Это что же, не снотворное? -- не мог я еще поверить. -- Может, от дозы зависит? Какая у Леры?
Ноль пятнадцать, обычная. Извините... -- и, подергивая плечами, засколь
зила Юлия Александровна подальше от моих вытаращенных глаз.
Вот так... И совсем стало ясно, что нам делать. Но как?
-- Съезди к Калининой, попроси чего-нибудь. Не могу я больше видеть, не могу, ведь она задохнется!.. Еще немножечко.

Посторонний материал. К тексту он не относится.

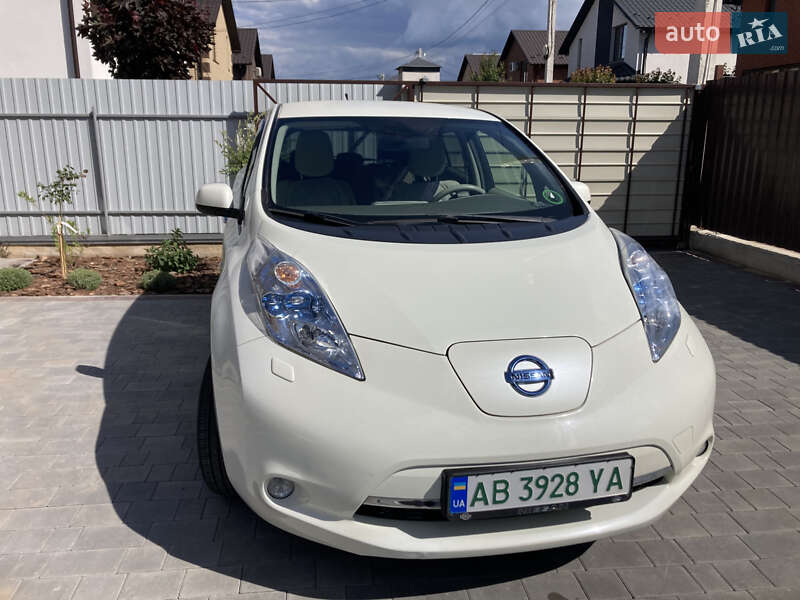Хэтчбек Nissan Leaf 2012 в Виннице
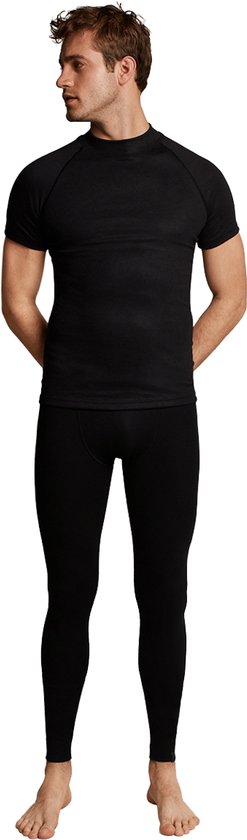 Man in zwart thermoshirt met korte mouwen en thermolegging, van voren gezien.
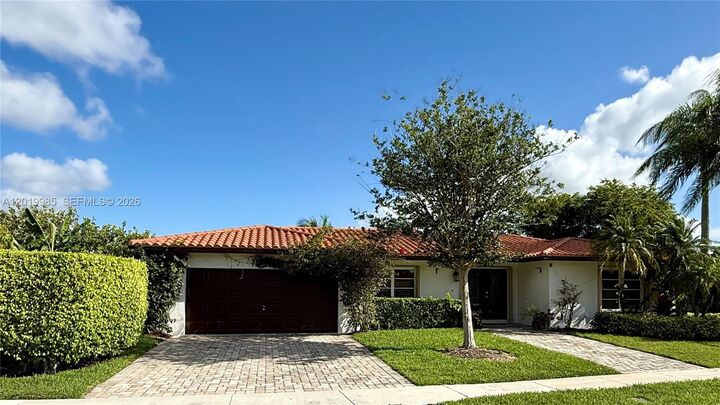 Property Photo:  16641 Royal Poinciana Dr  FL 33326 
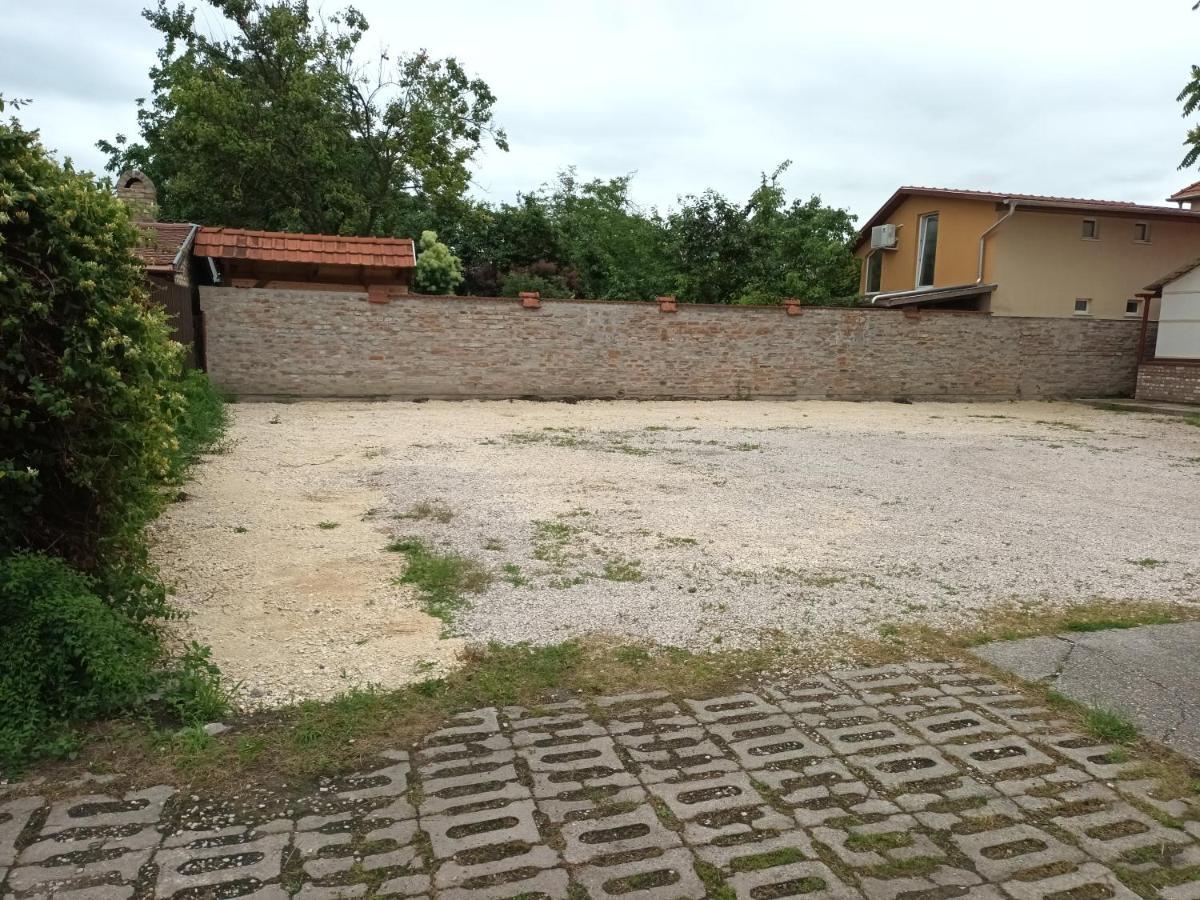 Pilota Panzio Bed & Breakfast Seghedin Exterior foto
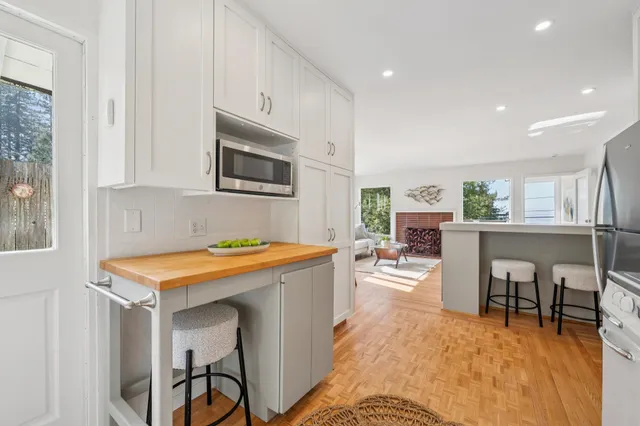 $995,000 | 209 Fairlawn Drive, Berkeley, CA 94708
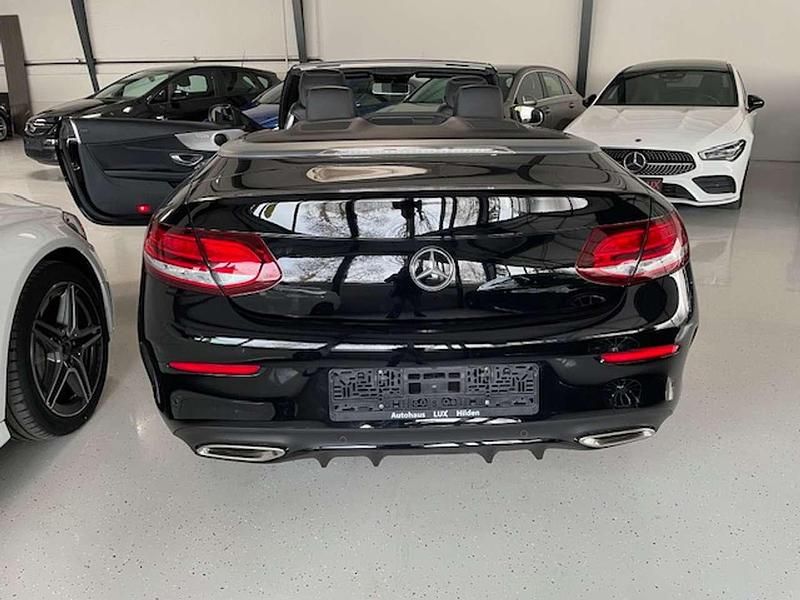 Gebraucht Mercedes C200 AMG line 184 PS (135 kW) 2021 Schwarz Cabrio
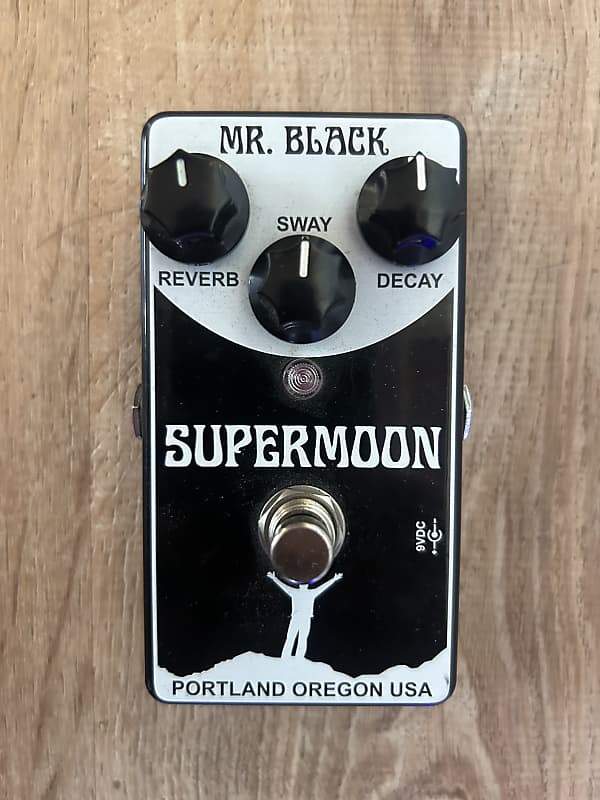Mr. Black Supermoon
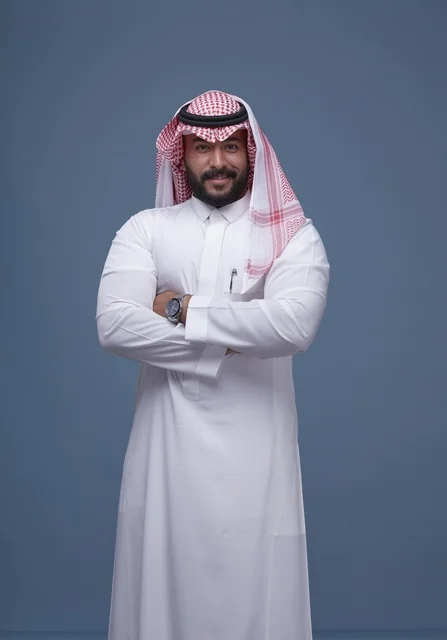 رجل سعودي مهني بالزي التقليدي في الاستوديو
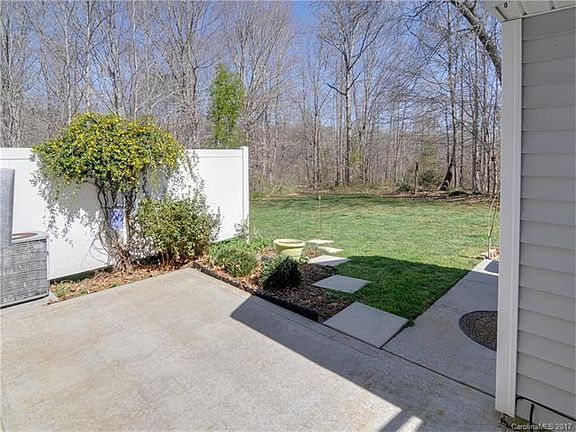 5th image of 4000 Waterside Ln Unit A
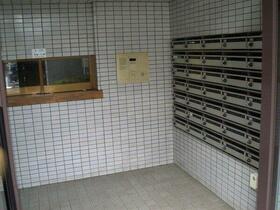 16/16 エントランス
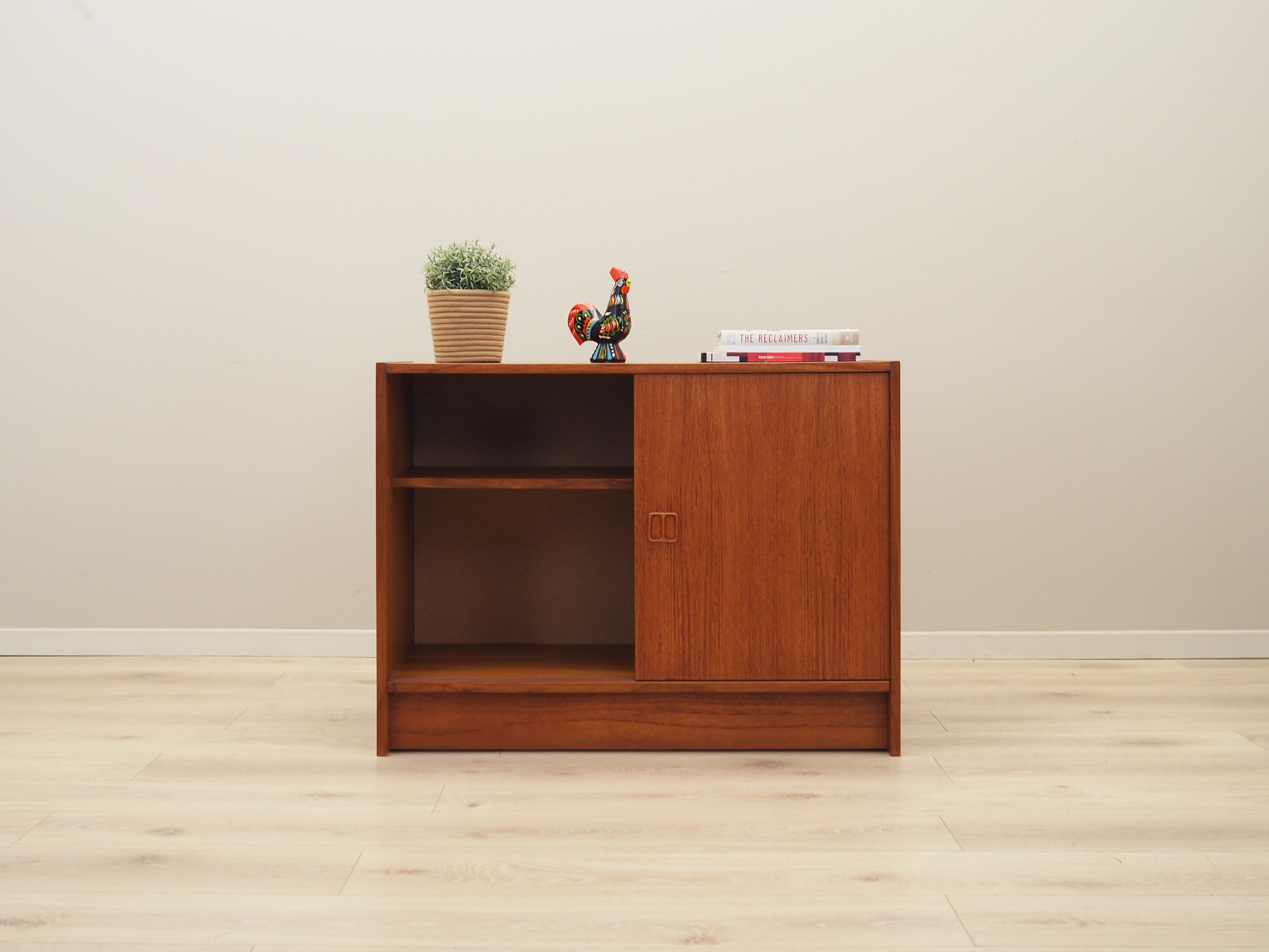 Teak_cabinet_Danish_design_from_1960s_production_Denmark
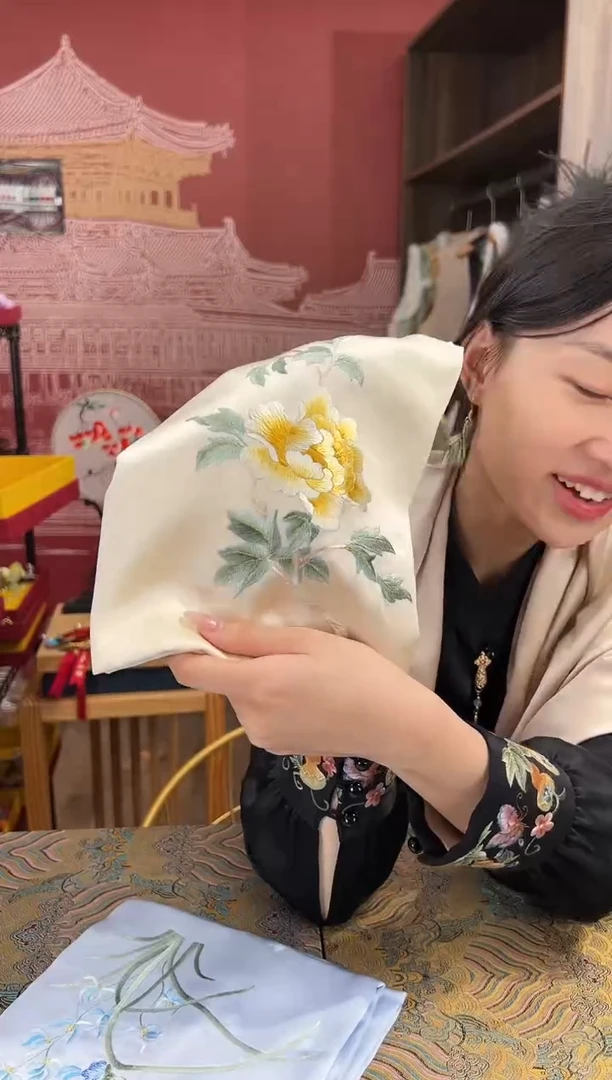 【闪购商品】刺绣 苏绣100桑蚕丝大披肩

Мне назначено было ровно в десять. Ровно в шесть утра вышел от вас, сел внизу, у дверей, где устроилась, прислонясь друг к дружке, семейная парочка -- допотопный стул и зеленая табуретка. Он ее отпускал -- выходила в оны годы и с нами гулять, до желтухи. Дождик лил, основательный, как судисполнитель: до нитки пересчитает. Водянисто серело, курилось парно вдалеке. Что-то сдвинулось, изменилось там. Это люди побежкой, втянув головы, замелькали кой-где. Те, что с ночи. А из дома которые -- уже с зонтиками, надломясь в поясе -- упрямо вперед. Вон и лошадь, черногривый, буланый мерин. Самый важный на всей территории, даже Тур перед ним со своим ЗИМом -- простая кобыла. Дождь дробил чечетку, с пузырями -- надолго. И спешили, лрохожие, выдавливая белые брызги, а Светлановский рынок и в непогоду жужжал. Пахло яблоками, укропом, цветами. Год назад мимо ехали на такси -- операция. Год назад после нее спрашивала, но еще с затаенной веселостью: "Папа, а какая болезнь самая страшная?" А теперь уж не спрашиваешь. Лишь, когда, прижимая тебя, плачет за твоей спиной мама, ты проводишь вслепую слабой ручонкой по ее щекам. "Гуленька!.. бедная моя Гуленька... -- плачет мама, -- как она ручками своими... ручонками меня ощупывала... слезы искала. И не спрашивала, не жаловалась".
Год я не был в этом жилом онкодоме, в этой квартире. Как в ней чисто, голо, музейно. Ни упавшей игрушки, ни заблудшей куклы, ни разбросанных тапок. С чем сравнить ребятенка? С солнцем? Пусть скромнее: с лампочкой, что врубают в темном подвале. "Учитель: Что такое рубильник? Ученик: Это такой топор". Когда вырубают.